Outsourcing Issues and Challenges Facing CEOs and CIOs: JITCAR JITCA

Outsourcing means getting a service performed outside of the focal firm utilizing the global ICT infrastructure for back and forth communication and delivery of service. The two primary types of outsourcing are: IT Outsourcing or ITO and Business Process outsourcing or BPO. Outsourcing results in exporting of white collar jobs. When blue collar work went to countries like China and Japan and South Korea in the 1980sit was called exporting of blue collar jobs and not outsourcing. Outsourcing in its myriad forms and shapes is here to stay. Companies, large, medium size and small, cannot survive without some outsourcing. ITO includes outsourcing of systems development (designing, coding, testing etc.) and systems maintenance. BPO includes diverse business as well as non-business functions like accounting, call centers, film cartoons and animation, financial analysis, human resources management, legal work, radiology analysis, taxes filing, tutoring etc. In terms of location of outsourcing, it can be on shore, near shore, off shore, or far shore.
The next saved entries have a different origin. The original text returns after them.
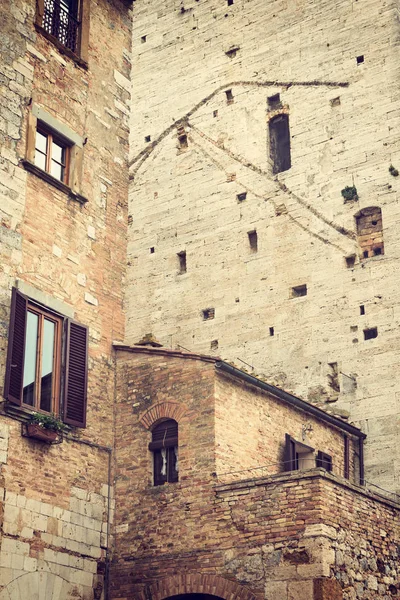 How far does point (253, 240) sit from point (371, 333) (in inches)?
173

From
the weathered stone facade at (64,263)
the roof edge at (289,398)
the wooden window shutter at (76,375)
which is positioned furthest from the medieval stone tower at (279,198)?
the wooden window shutter at (76,375)

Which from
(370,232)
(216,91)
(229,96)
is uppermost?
(216,91)

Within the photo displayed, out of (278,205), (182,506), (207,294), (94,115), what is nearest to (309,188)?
(278,205)

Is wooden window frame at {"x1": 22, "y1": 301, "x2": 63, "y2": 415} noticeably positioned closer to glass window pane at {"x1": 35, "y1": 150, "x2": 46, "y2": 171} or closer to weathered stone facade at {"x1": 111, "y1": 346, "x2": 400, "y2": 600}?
weathered stone facade at {"x1": 111, "y1": 346, "x2": 400, "y2": 600}

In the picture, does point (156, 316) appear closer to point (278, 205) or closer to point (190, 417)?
point (278, 205)

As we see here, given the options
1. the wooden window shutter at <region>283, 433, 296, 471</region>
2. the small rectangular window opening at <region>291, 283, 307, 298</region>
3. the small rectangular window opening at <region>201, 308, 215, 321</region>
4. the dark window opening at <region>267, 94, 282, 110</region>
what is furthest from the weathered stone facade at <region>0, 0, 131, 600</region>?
the dark window opening at <region>267, 94, 282, 110</region>

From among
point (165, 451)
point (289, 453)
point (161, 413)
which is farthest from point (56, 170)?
point (289, 453)

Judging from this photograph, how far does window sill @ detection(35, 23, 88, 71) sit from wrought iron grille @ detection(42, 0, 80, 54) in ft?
0.75

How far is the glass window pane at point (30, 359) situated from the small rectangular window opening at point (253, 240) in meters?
10.1

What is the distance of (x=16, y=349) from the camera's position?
1684cm

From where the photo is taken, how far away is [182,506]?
57.5ft

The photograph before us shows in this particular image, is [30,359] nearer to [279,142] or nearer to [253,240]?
[253,240]

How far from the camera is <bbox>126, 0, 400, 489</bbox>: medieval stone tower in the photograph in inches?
962

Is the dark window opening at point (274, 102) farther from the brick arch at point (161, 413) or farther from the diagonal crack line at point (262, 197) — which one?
the brick arch at point (161, 413) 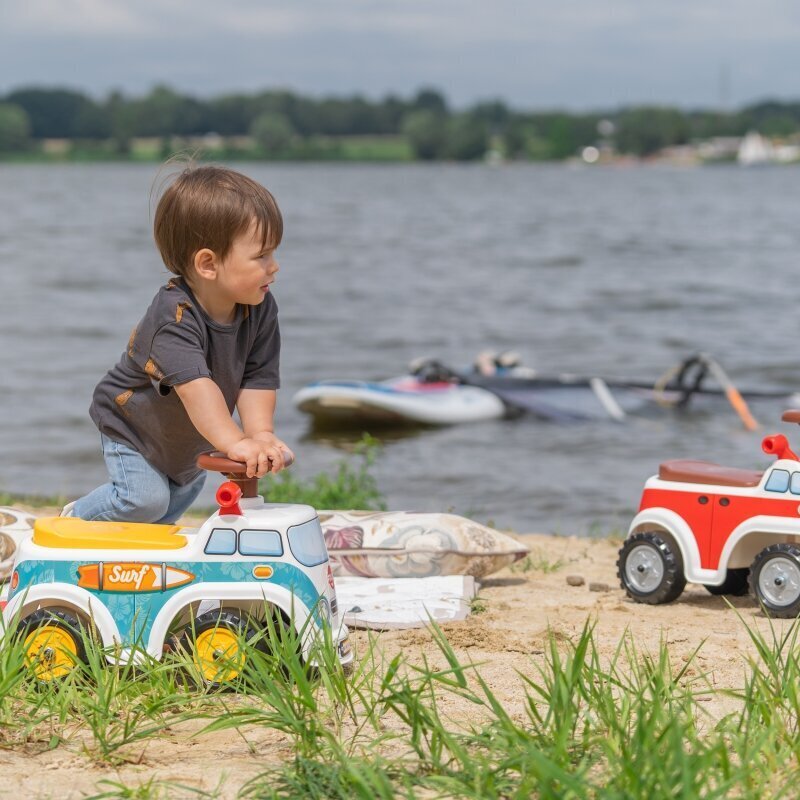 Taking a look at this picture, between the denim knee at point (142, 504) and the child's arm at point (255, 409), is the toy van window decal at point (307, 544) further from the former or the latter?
the denim knee at point (142, 504)

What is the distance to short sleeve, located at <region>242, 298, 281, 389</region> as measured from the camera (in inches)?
155

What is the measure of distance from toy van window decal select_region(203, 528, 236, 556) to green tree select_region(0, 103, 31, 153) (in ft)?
358

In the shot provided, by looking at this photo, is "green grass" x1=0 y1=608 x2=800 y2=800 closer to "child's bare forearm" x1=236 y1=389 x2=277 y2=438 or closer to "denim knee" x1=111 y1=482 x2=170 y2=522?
"denim knee" x1=111 y1=482 x2=170 y2=522

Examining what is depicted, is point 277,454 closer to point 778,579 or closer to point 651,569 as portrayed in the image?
point 651,569

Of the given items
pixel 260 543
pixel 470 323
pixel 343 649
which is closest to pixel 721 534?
pixel 343 649

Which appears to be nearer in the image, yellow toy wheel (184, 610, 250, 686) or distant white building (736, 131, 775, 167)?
yellow toy wheel (184, 610, 250, 686)

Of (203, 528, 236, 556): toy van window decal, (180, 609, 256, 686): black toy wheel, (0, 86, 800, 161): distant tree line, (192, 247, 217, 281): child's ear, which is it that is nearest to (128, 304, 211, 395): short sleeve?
(192, 247, 217, 281): child's ear

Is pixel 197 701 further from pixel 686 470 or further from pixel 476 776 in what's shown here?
pixel 686 470

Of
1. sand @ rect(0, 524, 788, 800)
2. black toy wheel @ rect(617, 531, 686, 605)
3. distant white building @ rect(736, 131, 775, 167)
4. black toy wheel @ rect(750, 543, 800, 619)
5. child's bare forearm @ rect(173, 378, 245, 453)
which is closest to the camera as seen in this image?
sand @ rect(0, 524, 788, 800)

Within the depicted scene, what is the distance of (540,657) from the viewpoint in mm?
3740

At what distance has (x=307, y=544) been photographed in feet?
11.4

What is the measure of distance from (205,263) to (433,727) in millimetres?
1554

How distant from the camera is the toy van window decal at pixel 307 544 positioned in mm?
3436

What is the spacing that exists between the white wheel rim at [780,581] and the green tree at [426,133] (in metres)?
117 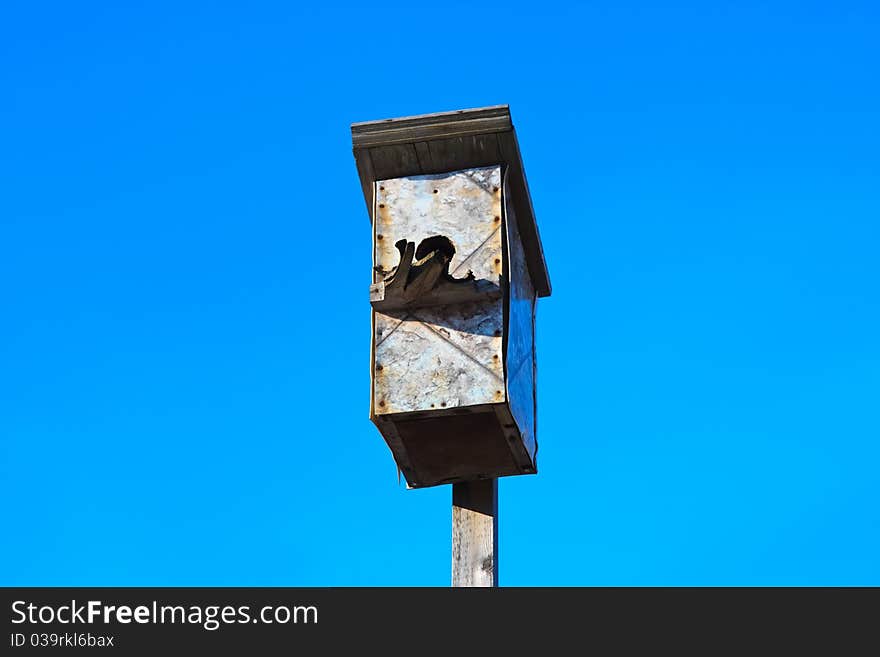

Special issues of leading journals are being devoted to the phenomenon of outsourcing: JITCA/JITCAR has had 4 issued on this topic, and an upcoming issue of MISQ will be devoted to offshoring. Several conferences and shows focus on bringing together diverse stakeholders of outsourcing under one roof for knowledge sharing and networking: annual international outsourcing conferences organized by the center for global outsourcing, world outsourcing summits organized annually by Corbett Associates, HRO shows organized annually, periodic conferences organized by Outsourceworld in USA and Europe and others based in Europe, Russia, India etc. To summarize, in the words of Dr. Joseph O. Okpaku, "outsourcing, which epitomizes the quintessence of true globalization, with services being provided where they can most efficiently and economically be produced and delivered where they are most needed and valued, is a reality that is fast becoming the permanent feature of the global economic context."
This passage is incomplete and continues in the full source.